BigQuery ML model inference overview


Machine learning inference is the process of running data points into a machine learning model to calculate an output such as a single numerical score. This process is also referred to as “operationalizing a machine learning model” or “putting a machine learning model into production.”

Machine learning inference in BigQuery ML includes not only machine learning tasks such as label prediction, but also high-level application domains such as forecasting, recommendation, and anomaly detection.

For information about supported model types of each SQL statement and function, and all supported SQL statements and functions for each model type, see the End-to-end user journey for each model.


Prediction in BigQuery ML is used not only for supervised learning models, but also unsupervised learning models. It is used only for models trained with independent and identically distributed (IID) data. For time series data that is non-IID, the term forecasting is used. See the forecasting section below.

BigQuery ML supports prediction functinalities through the ML.PREDICT function, with the following models:

Model Category Model Types What ML.PREDICT does
Supervised Learning Linear & Logistic Regression

Boosted Trees

Deep Neural Networks


AutoML Tables
Predict the label, either a numerical value for regression tasks or a categorical value for classification tasks.
Unsupervised Learning Kmeans Assign the cluster to the entity.
PCA Apply dimensionality reduction to the entity by transforming it into the space spanned by the eigenvectors
Autoencoder Transform the entity into the embedded space.

For Matrix Factorization model inference, see recommendation.


Forecasting is a technique that uses historical data as inputs to make informed estimates into the future. In BigQuery ML, forecasting is applied to time series data. For IID data, see prediction.

BigQuery ML supports forecasting functinalities through the ML.FORECAST function, with the ARIMA_PLUS model. The ARIMA_PLUS model is not a single model, but a time series modeling pipeline that includes multiple models and algorithms. See the time series modeling pipeline for more details.


Recommender systems are one of the most successful and widespread application of machine learning technologies for businesses. A recommendation system helps users find compelling content in a large body of work. For example, Google Play Store provides millions of apps, while YouTube provides billions of videos, with more apps and videos added every day. How can users find new compelling new content? To find new compelling new content users can use search, but a recommendation engine can display content that users might not have thought to search for on their own.

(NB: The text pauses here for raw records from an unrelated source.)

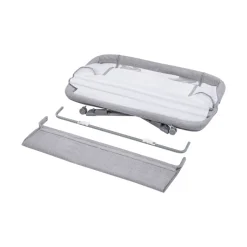 New Luna vugge - grå Børn Side By Side Senge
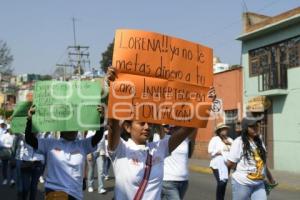 TLAXCALA . DESFILE DÍA DEL TRABAJO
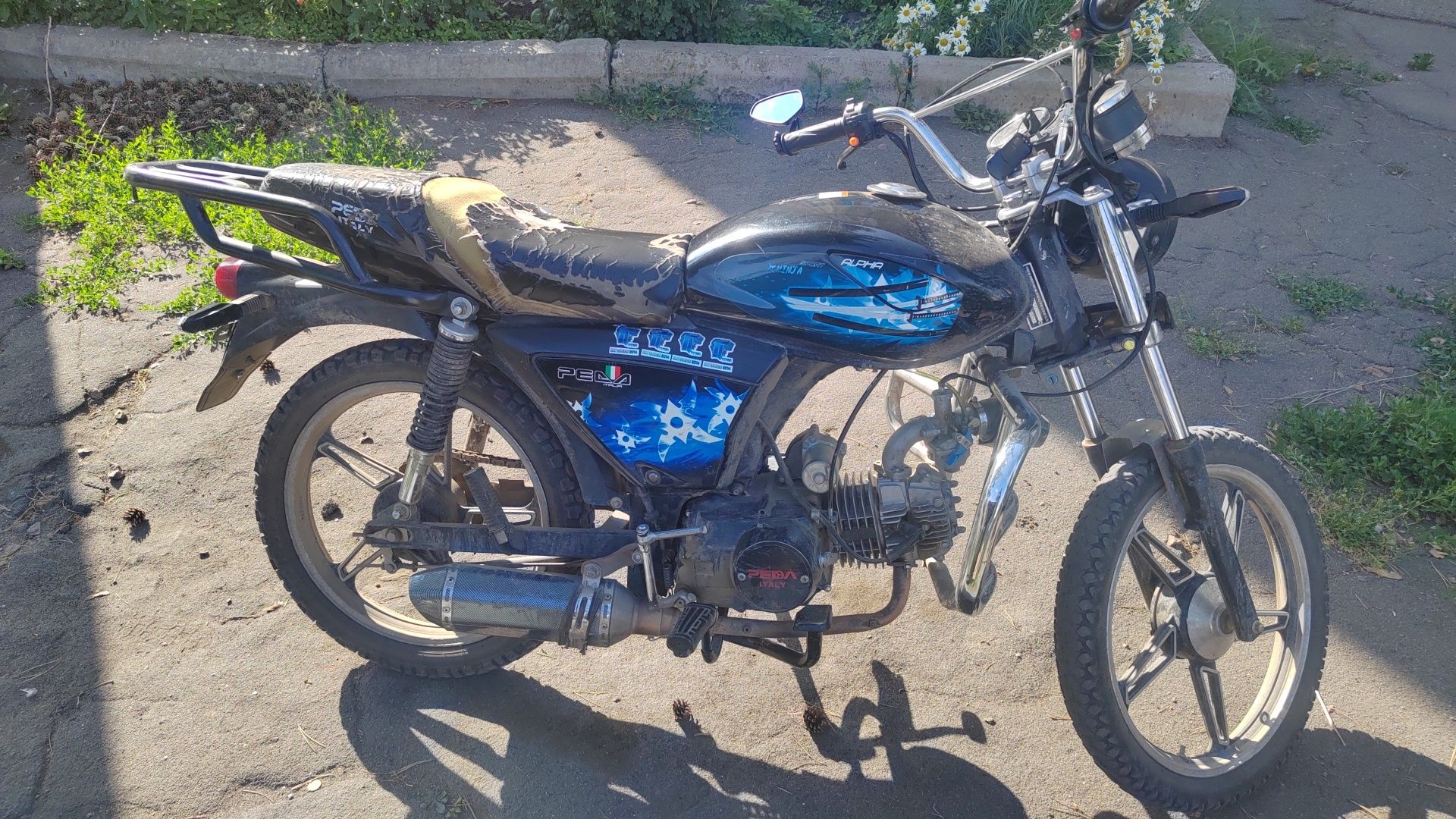 Мопед альфа 140cc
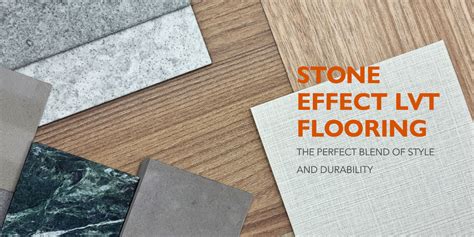 The Realistic Look of Stone Effect LVT Flooring - Wood and Beyond Blog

See the Recommendation Systems Overview for more information.

Machine learning algorithms in recommender systems are typically classified into two categories: content-based and collaborative filtering methods.

content-based filtering Uses similarity between items to recommend items similar to what the user likes. If user A watches two cute cat videos, then the system can recommend cute animal videos to that user.
collaborative filtering Uses similarities between queries and items simultaneously to provide recommendations. If user A is similar to user B, and user B likes video 1, then the system can recommend video 1 to user A (even if user A hasn’t seen any videos similar to video 1).

The Matrix Factorization model is widely used as a collaborative filtering method for recommendation systems. BigQuery ML supports the ML.RECOMMEND function to facilitate using Matrix Factorization for recommendation purposes. For more information on applying Matrix Factorization to recommendation, see Matrix Factorization.

In modern recommendation engines, Deep neural network (DNN) models, including Wide-and-Deep models are widely used. It can be viewed as an extension of Matrix Factorization based collaborative filtering. It can easily incorporate query features and item features to improve the relevance of recommendations. For more background, read Recommendation using Deep Neural Network Models, Deep Neural Networks for YouTube Recommendations, or Wide & Deep Learning for Recommender Systems. It is also worthwhile to call out that any supervised learning models can be used for recommendation tasks.

Anomaly Detection

Anomaly detection is a step in data mining that identifies data points, events, and observations that deviate from a dataset's normal behavior. Anomalous data can indicate critical incidents such as technical issues or opportunities like changes in consumer behavior.

One challenge with anomaly detection is identifying and defining the anomaly. Labeled data with known anomalies allow you to choose between supervised machine learning model types that are already supported in BigQuery ML. Without either a known anomaly type or labeled data, you can still use unsupervised machine learning to help detect anomalies. Depending upon whether or not your training data is time series, you can detect anomalies in training data or in new input data using the ML.DETECT_ANOMALIES function with the following models:

Data Type Model Types What ML.DETECT_ANOMALIES does
Time series ARIMA_PLUS Detect the anomalies in the time series.
Independent and identically distributed random variables (IID) Kmeans Detect anomalies based on the shortest distance among the normalized distances from the input data to each cluster centroid. For a definiation of normalized distances, see ML.DETECT_ANOMALIES.
Autoencoder Detect anomalies based upon the reconstruction loss in terms of mean squared error. For more information, see ML.RECONSTRUCTION_LOSS. ML.RECONSTRUCTION_LOSS can retrieve all types of reconstruction loss.
PCA Detect anomalies based upon the reconstruction loss in terms of mean squared error.